Sent: Thursday, June 13, 2013 7:41 AM

> Nick Coghlan <ncoghlan at ...> writes:
> 
>> 
>>  > Oscar Benjamin <oscar.j.benjamin <at> ...> writes:
>>  >>
>>  >> On 13 June 2013 13:24, Nick Coghlan <ncoghlan <at> 
> ...> wrote:
>>  >> > If your type is acceptable input to operator.index(), 
> you'll get the
>>  >> > "initialised array of bytes" behaviour
>>  >>
>>  >> I only recently discovered this. What was the rationale for that 
> change?
>>  >>
>>  >> $ py -2.7 -c 'print(repr(bytes(4)))'
>>  >> '4'
>>  >>
>>  >> $ py -3.3 -c 'print(repr(bytes(4)))'
>>  >> b'\x00\x00\x00\x00'
>>  >>
>>  >> I can't really see why anyone would want the latter behaviour 
> (when
>>  >> you can already do b'\x00' * 4).
>>  >>
>>  >> Oscar
>>  >>
>>  >
>>  > It's funny you mention that difference since that was how I came 
> across my
>>  > issue. I was looking for a way to get back the Python 2.7 behaviour
>>  > bytes('1234')
>>  > '1234'
>> 
>>  You mean other than using the bytes literal b'1234' instead of a
>>  string literal? Bytes and text are different things in Python 3,
>>  whereas the 2.x "bytes" was just an alias for "str".
>> 
> 
> Well, I was illustrating the case with a literal integer, but, of course, I
> was thinking of cases with references:
> a=1234
> str(a).encode() # gives b'1234' in Python3, but converting your int to 
> str
> first, just to encode it again to bytes seems weird

Conceptually, it makes perfect sense. b'1234' isn't a string with the canonical numeral representation of 1234, it's a sequence of bytes, which happens to be a particular (unspecified) encoding of a string with the canonical numeral representation of 1234.

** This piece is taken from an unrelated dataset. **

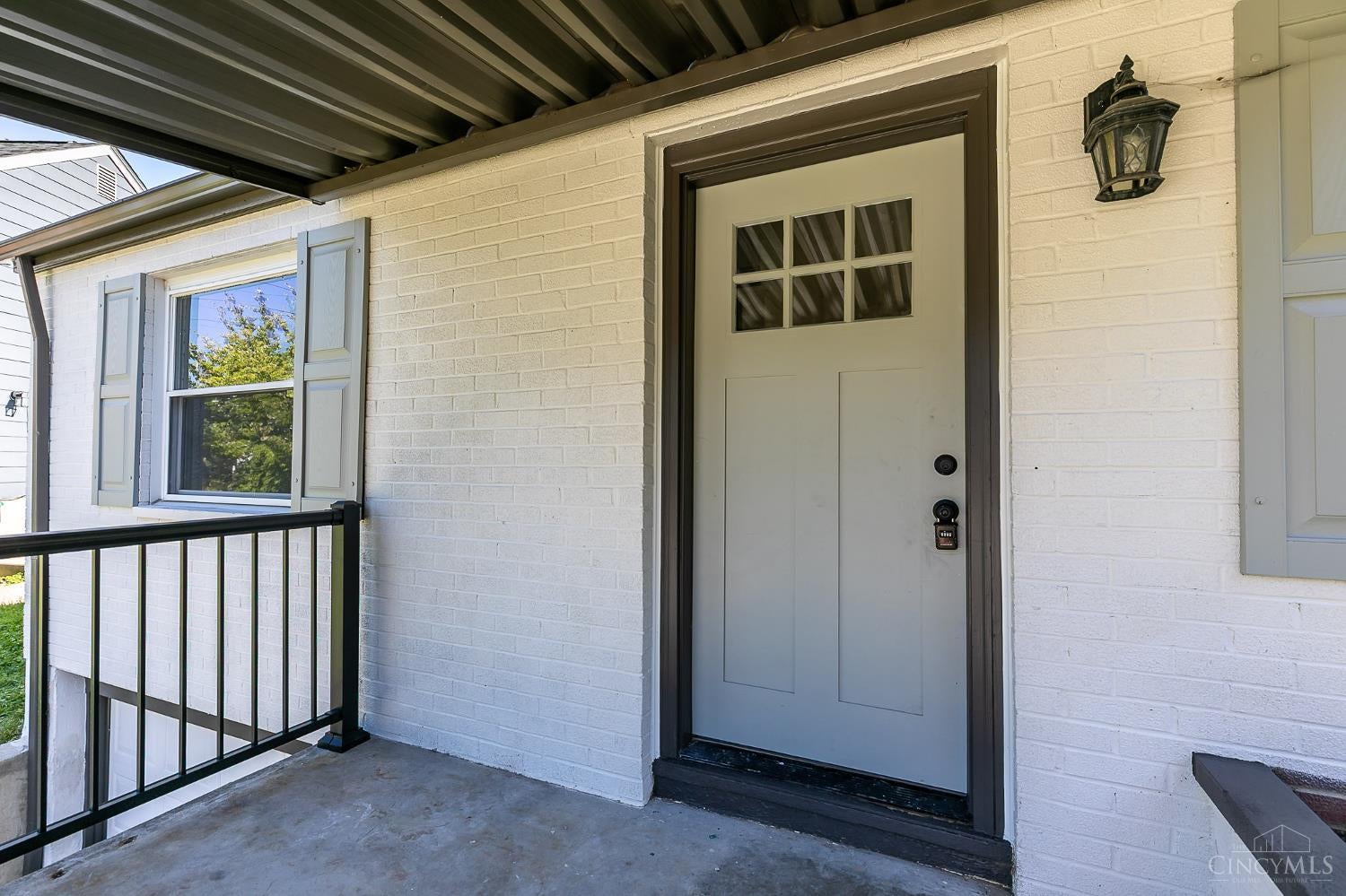 1541 Beth Lane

The docs (http://docs.python.org/3.3/library/functions.html#bytes) explicitly say a bytes object:

> is an immutable sequence of integers in the range 0 <= x < 256. bytes is an immutable version of bytearray

Practically, you often want to use bytes as "ASCII strings", and you often can get away with it. It works for literals, some but not all methods, and of course everything that strings inherit from sequences (concatenation, slicing, etc.). 

But often you can't get away with it. It doesn't work for formatting, anything strings do differently from sequences (notably indexing), some methods, most functions that special-case on strings, type-checking (there's no basestring in 3.x), etc.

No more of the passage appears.